Baixa um silêncio sepulcral. Passa uma gostosa fazendo cooper. Um ônibus vira a esquina e derruba o cone da parada de táxi. Uma criança aparece vendendo chicletes. O papo anexo reflui.

- Mas você ainda tá jogando tênis?

- Só enganando. Hoje eu ia, mas fui ver meu sogro. Tá em coma.

- Ih, rapaz, nem fale. O meu sogro também tá ruim, teve um AVC.

- É foda.

- O véio não dura seis meses. Mas você já vai? Senta aí!

- Preciso ir. Minha mulher ligou duas vezes.

- Fica aí, rapaz!

- Não dá. Dessa vez não dá, meu irmão.

- Vou pedir a última.


Minha moça volta ao bar. Com o cachorro. A antena se distrai por um momento da frequência alheia. A moça vai ao banheiro e me deixa segurando o cão pela coleira. Tento sintonizar o fim da conversa vizinha. Só silêncio. Resta um na mesa. Calado.

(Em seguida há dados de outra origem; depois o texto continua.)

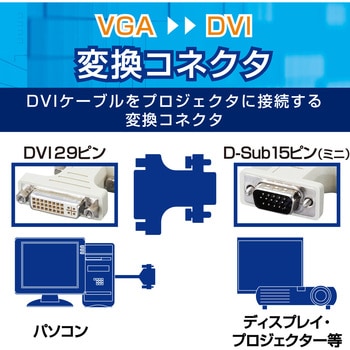 AD-DVFTD15M ディスプレイケーブル変換コネクタ DVI-I 29ピン(メス) D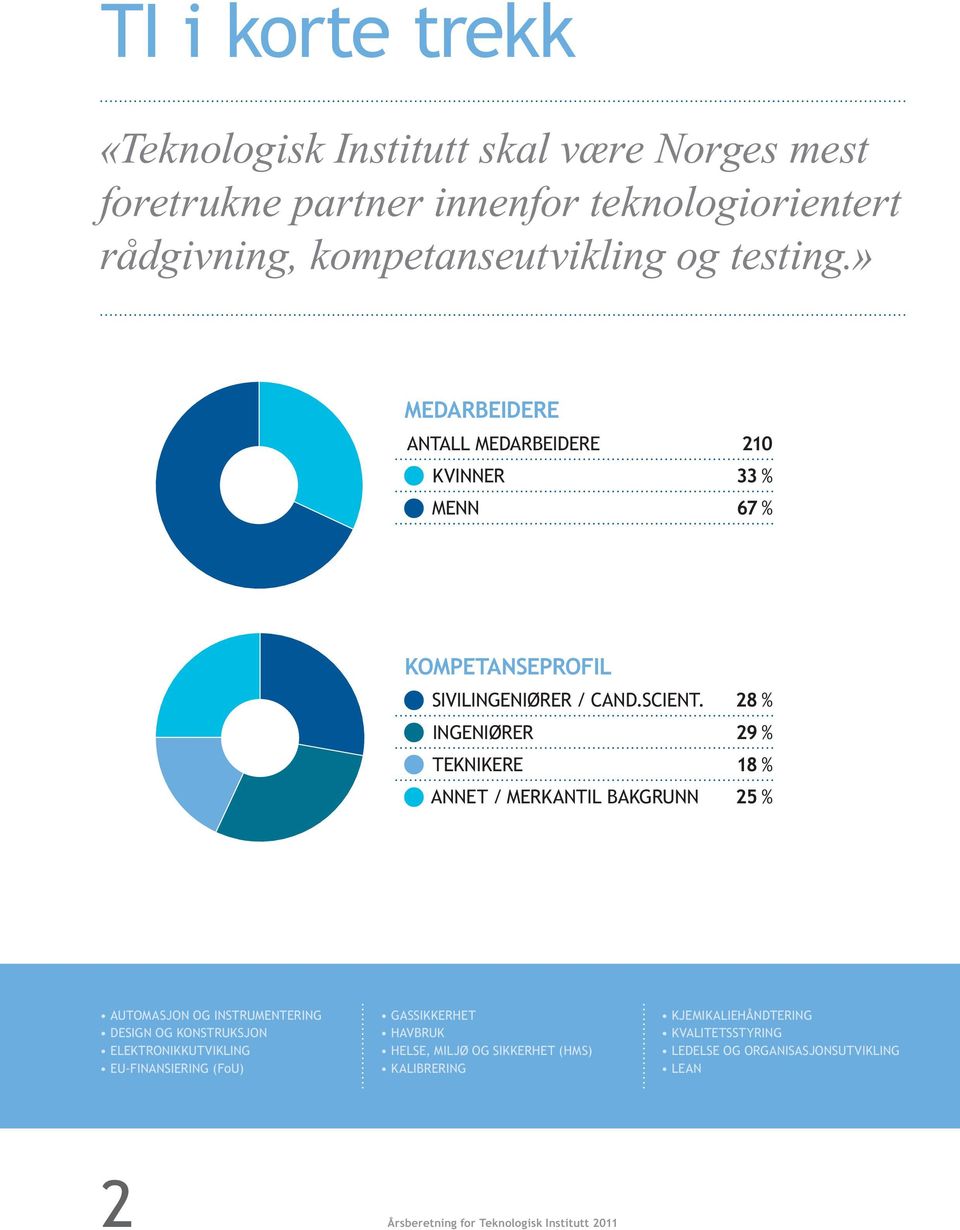 28 % INGENIØRER 29 % TEKNIKERE 18 % ANNET / MERKANTIL BAKGRUNN 25 % AUTOMASJON OG INSTRUMENTERING DESIGN OG KONSTRUKSJON ELEKTRONIKKUTVIKLING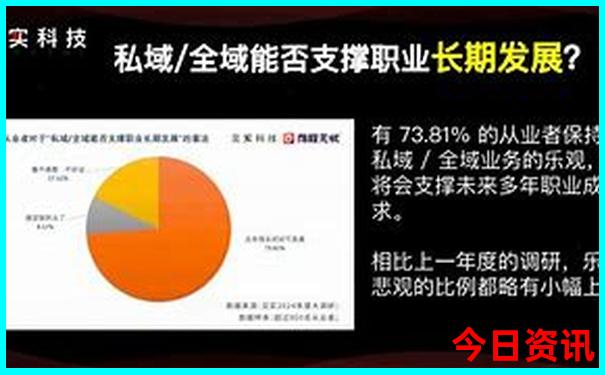 重庆市室内好玩的地方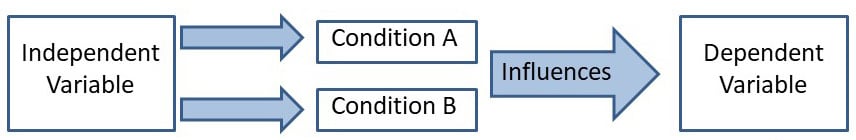 Condition variable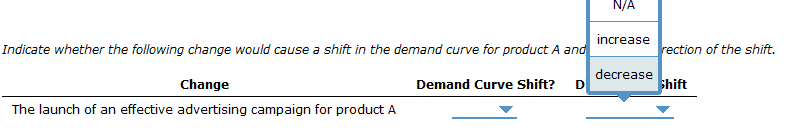 Solved Indicate whether the following change would cause a | Chegg.com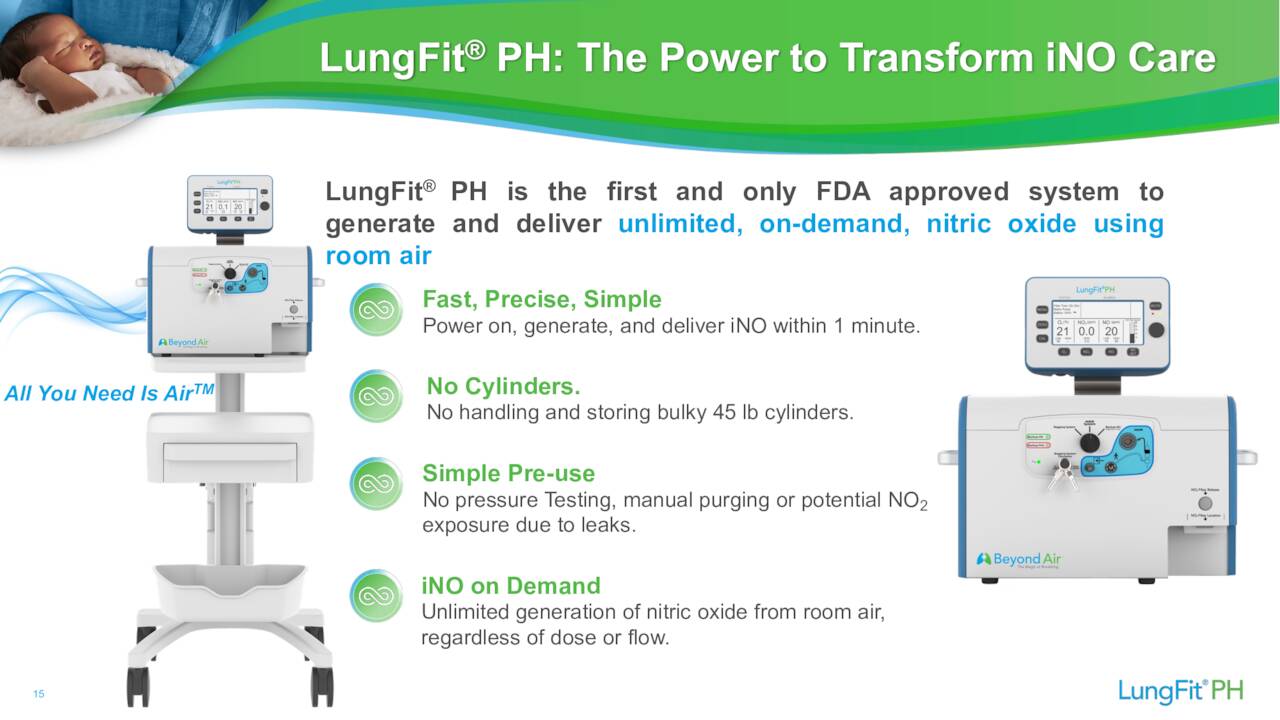 LungFit PH: The Power to Transform iNO Care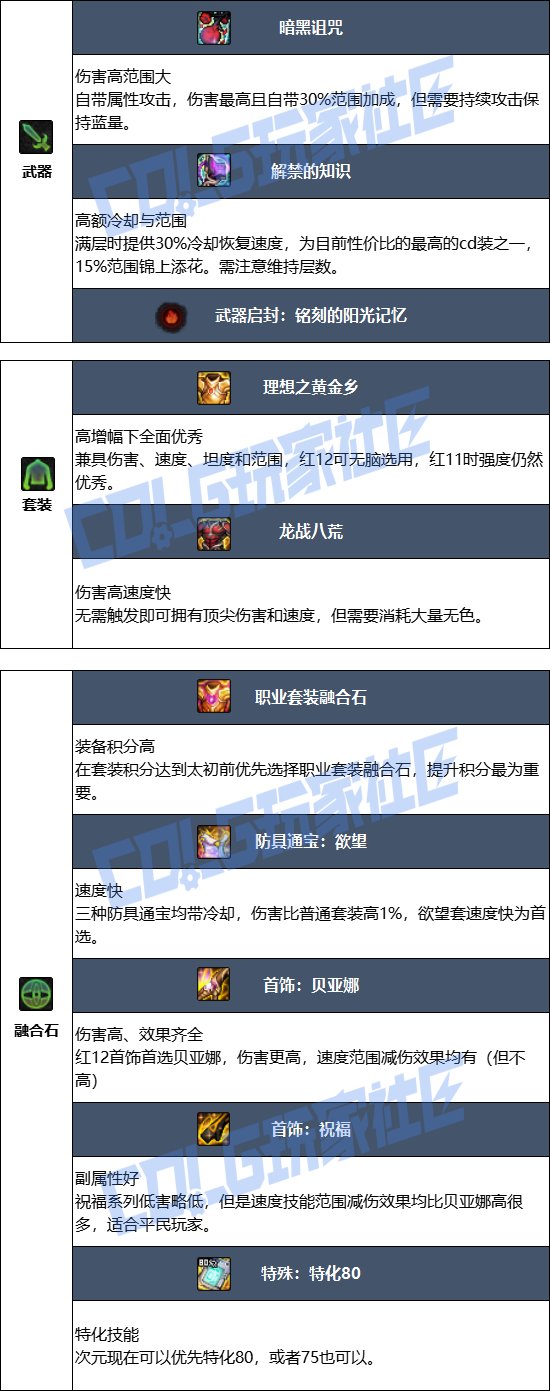【115版本：职业百科】COLG全职业百科一一次元行者(更新至周年庆版本)6
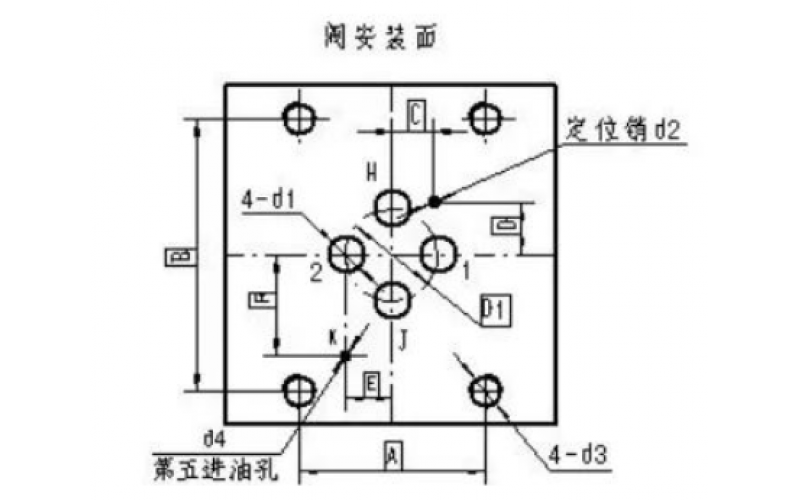 ERQ-300系列伺服阀的漏油问题分析-半岛（中国）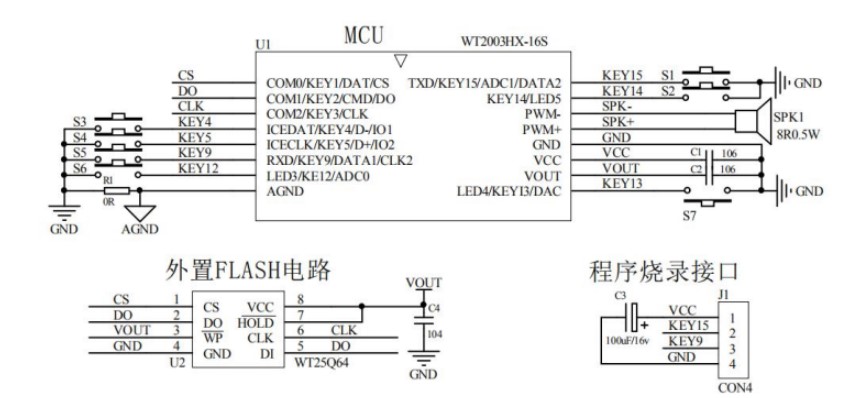 <b class='flag-5'>语音</b><b class='flag-5'>芯片</b><b class='flag-5'>WT2003H</b>在学步车的应用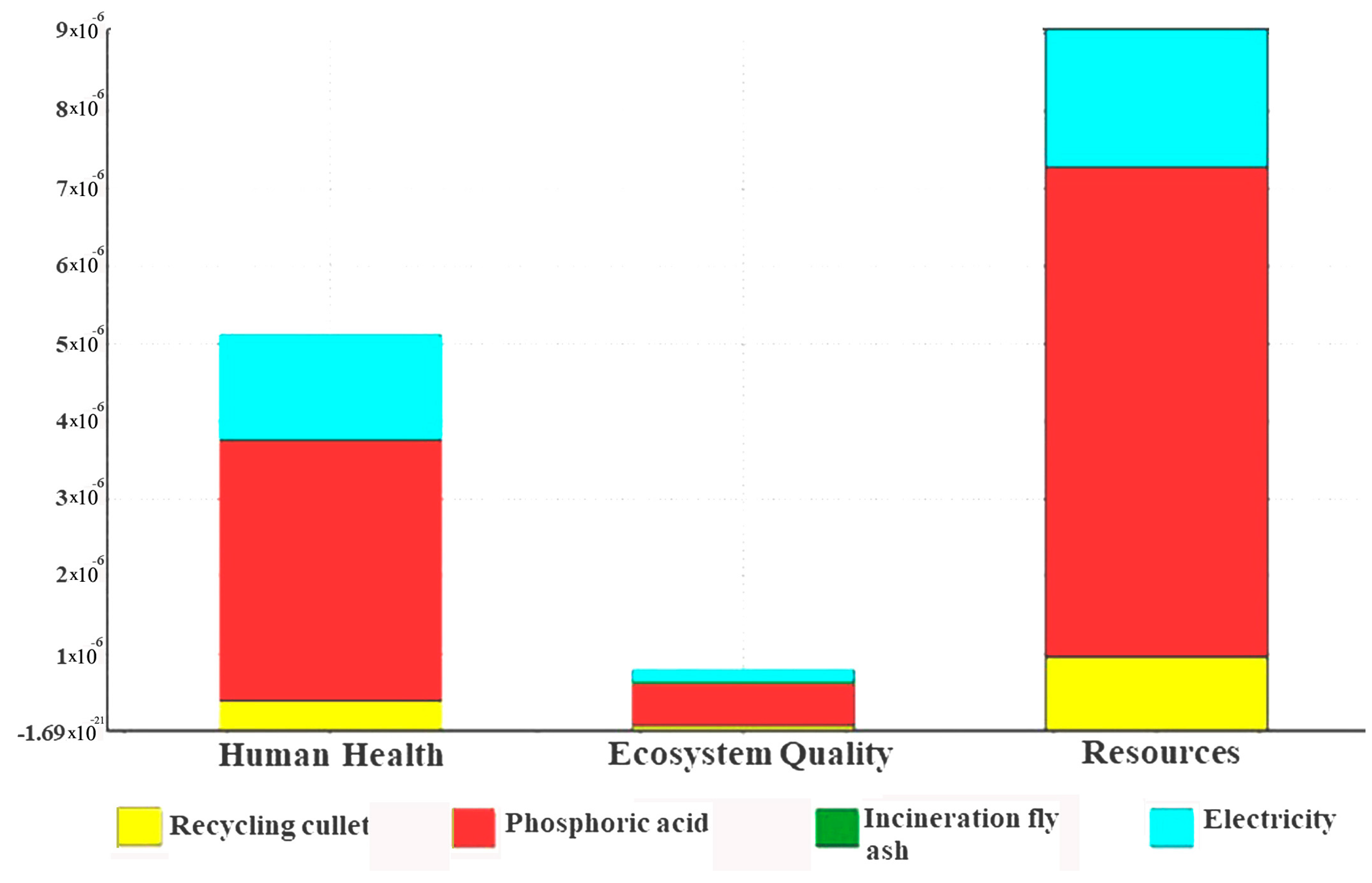 Sustainability 15 10284 g005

O outro Reinaldo arribou.

Sem beber a saideira.

3 comentários:

Anselmo disse...

excelente a crônica do boteco. uma conversa de "reinaldo pra reinaldo" é ótema. os caras são espelhados até no sogro convalescente!

Olavo Soares disse...

Bem capaz dos "personagens" descobrirem o papo.

Afinal, quantos Reinaldos com sogros convalescentes são amigos de outros Reinaldos com sogros convalescentes?

Marcão disse...

Digamos que os nomes não sejam exatamente Reinaldo. Mas a narração dos dois sogros moribundos, por incrível que pareça, ocorreu.